Więcej strat niż zysków
– Wyniki licznych krajowych i zagranicznych badań jasno wskazują, że usuwanie z lasu drzew uszkodzonych w wyniku wichur, pożarów i zabitych przez korniki przynosi więcej strat niż zysków – czytamy w liście.
Naukowcy wymieniają, że usuwanie takich drzew wpływa ujemnie nie tylko na bioróżnorodność leśną, ale też na tempo regeneracji ekosystemu po uszkodzeniu.

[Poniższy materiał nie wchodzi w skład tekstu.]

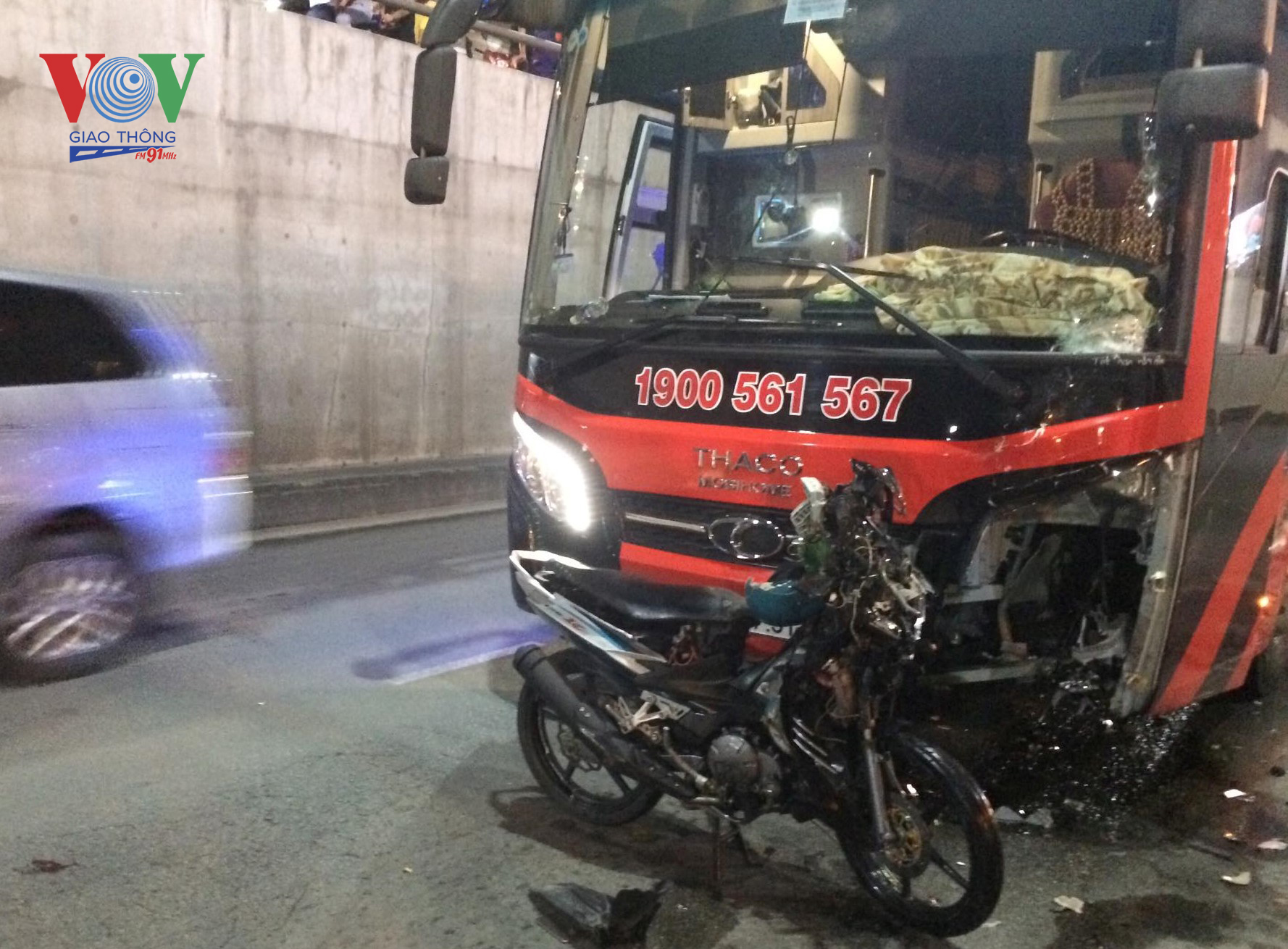 Chiếc xe máy vỡ nát biến dạng nặng sau cú tông kinh hoàng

– Pozostawione martwe i uszkodzone drzewa dają schronienie wielu leśnym gatunkom, utrzymują odpowiedni mikroklimat, sprzyjają zarastaniu tych miejsc przez nowe pokolenie drzew. Tymczasem ich usunięcie pogłębia skutki samej wichury lub gradacji kornika: powstaje teren otwarty, nasłoneczniony, suchy, organizmy leśne giną, drzewa wolniej zarastają takie miejsca – argumentują naukowcy.